After locating the line that contains "Veteriner Akademik Ve" in the records below, write out exactly that line and each line after it through the one that contains "Item preview, Good", and nothing else.
[[ RECORDS FOR THIS EXERCISE open ]]
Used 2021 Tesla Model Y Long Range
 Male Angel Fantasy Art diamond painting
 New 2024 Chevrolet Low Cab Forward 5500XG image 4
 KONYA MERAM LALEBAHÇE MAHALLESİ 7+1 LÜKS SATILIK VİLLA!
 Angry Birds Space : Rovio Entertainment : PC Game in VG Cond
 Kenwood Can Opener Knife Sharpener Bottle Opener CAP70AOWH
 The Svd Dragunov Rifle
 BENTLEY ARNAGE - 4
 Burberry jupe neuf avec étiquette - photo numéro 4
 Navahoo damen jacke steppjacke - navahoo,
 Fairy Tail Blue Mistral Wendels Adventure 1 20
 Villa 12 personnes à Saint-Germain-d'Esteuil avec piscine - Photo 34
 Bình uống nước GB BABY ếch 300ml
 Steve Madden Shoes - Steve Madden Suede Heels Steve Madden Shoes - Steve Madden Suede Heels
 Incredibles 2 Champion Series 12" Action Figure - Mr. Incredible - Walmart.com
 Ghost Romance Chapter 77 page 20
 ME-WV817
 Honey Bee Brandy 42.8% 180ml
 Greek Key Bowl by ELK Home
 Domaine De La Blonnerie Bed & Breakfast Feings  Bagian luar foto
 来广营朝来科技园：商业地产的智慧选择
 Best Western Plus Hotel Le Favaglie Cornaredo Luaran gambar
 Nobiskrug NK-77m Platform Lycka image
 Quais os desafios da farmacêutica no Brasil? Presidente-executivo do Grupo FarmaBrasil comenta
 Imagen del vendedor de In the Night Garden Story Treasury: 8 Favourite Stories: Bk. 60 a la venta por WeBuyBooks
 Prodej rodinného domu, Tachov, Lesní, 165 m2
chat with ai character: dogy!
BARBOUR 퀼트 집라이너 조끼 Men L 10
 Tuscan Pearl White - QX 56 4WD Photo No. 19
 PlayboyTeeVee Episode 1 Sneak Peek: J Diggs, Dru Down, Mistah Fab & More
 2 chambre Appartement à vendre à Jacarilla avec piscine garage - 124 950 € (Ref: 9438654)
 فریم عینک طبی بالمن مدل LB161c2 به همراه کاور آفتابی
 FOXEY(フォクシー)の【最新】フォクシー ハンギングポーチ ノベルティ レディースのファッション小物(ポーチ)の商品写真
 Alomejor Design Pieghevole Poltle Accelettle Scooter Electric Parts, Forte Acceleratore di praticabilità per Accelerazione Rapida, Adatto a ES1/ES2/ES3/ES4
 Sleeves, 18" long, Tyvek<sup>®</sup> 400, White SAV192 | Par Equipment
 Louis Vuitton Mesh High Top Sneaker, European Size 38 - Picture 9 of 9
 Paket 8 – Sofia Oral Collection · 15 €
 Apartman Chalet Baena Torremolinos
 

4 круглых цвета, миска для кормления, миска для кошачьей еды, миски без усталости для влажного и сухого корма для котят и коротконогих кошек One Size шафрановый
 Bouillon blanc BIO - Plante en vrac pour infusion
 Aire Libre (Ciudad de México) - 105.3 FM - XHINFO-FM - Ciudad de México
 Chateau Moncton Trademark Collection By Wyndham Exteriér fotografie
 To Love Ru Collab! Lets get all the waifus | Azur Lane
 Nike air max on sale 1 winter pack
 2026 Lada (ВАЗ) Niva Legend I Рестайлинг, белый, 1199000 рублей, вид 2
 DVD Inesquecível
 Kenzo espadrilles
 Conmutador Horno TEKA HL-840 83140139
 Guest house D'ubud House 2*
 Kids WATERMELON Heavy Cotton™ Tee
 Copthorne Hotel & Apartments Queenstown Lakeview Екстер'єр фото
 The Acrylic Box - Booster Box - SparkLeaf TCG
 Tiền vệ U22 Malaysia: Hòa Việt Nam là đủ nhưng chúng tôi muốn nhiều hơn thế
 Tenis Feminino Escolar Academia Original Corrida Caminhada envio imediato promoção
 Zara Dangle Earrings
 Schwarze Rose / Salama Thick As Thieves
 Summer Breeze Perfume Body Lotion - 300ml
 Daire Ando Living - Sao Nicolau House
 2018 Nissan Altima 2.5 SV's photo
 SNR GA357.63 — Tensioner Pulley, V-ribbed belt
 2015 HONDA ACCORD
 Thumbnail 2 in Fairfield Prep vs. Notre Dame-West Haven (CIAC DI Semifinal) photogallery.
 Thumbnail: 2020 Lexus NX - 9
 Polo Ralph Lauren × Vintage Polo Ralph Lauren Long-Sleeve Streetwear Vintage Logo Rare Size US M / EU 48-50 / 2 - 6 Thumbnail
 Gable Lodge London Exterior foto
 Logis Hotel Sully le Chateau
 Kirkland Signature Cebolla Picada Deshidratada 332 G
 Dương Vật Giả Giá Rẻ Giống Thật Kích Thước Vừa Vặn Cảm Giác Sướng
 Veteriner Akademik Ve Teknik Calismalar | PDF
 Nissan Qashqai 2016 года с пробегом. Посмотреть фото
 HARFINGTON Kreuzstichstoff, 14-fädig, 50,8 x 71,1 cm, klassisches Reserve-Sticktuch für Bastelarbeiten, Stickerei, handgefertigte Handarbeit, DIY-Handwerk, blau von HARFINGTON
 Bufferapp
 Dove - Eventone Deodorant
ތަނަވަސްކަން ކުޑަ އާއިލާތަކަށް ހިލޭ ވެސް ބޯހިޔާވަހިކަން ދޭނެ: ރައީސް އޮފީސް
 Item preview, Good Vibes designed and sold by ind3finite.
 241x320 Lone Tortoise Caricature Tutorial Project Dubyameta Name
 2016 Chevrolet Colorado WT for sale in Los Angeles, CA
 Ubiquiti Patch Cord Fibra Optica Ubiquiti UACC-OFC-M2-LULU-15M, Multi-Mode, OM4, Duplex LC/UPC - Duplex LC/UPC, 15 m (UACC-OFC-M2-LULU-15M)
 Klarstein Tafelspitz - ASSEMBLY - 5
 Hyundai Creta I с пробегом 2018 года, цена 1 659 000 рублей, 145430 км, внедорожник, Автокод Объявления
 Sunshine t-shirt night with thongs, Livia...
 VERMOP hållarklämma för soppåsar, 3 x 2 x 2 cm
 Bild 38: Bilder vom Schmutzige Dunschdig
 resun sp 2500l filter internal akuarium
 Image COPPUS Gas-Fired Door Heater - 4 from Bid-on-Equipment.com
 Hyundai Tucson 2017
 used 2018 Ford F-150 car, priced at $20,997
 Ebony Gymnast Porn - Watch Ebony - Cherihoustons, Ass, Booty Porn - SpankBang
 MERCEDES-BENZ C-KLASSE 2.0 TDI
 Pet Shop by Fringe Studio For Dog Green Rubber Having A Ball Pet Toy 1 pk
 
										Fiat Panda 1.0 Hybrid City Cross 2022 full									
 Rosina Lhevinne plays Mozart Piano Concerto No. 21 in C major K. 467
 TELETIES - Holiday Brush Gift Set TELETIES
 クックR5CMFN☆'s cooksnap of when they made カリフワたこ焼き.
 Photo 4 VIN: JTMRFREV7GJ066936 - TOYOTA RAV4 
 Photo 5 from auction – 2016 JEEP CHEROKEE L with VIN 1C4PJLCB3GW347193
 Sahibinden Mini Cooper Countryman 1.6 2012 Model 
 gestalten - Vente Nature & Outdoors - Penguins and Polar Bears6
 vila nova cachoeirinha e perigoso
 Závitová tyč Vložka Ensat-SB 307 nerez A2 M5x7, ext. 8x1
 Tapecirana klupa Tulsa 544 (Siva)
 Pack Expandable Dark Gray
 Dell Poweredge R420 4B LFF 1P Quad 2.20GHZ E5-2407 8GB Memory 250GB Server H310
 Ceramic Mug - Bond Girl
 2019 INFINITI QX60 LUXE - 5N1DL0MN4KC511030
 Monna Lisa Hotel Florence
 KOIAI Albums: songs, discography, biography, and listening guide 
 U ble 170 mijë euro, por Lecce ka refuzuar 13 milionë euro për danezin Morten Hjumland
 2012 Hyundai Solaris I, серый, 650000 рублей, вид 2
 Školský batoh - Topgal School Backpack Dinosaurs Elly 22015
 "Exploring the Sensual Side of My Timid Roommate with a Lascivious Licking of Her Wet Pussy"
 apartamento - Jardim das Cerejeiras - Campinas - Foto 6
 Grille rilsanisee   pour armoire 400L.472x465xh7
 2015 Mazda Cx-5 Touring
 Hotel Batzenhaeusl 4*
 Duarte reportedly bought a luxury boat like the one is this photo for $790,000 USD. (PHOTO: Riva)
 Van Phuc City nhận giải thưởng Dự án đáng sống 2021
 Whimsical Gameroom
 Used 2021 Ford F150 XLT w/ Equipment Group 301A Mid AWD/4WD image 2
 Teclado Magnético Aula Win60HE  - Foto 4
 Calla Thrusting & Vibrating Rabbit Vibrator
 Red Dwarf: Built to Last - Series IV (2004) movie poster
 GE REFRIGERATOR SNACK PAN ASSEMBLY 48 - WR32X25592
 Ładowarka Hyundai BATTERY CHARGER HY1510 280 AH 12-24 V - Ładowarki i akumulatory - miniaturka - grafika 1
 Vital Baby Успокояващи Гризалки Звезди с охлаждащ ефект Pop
[[ RECORDS FOR THIS EXERCISE closed ]]
● ANSWER TO THE PROBLEM:
 Veteriner Akademik Ve Teknik Calismalar | PDF
 Nissan Qashqai 2016 года с пробегом. Посмотреть фото
 HARFINGTON Kreuzstichstoff, 14-fädig, 50,8 x 71,1 cm, klassisches Reserve-Sticktuch für Bastelarbeiten, Stickerei, handgefertigte Handarbeit, DIY-Handwerk, blau von HARFINGTON
 Bufferapp
 Dove - Eventone Deodorant
ތަނަވަސްކަން ކުޑަ އާއިލާތަކަށް ހިލޭ ވެސް ބޯހިޔާވަހިކަން ދޭނެ: ރައީސް އޮފީސް
 Item preview, Good Vibes designed and sold by ind3finite.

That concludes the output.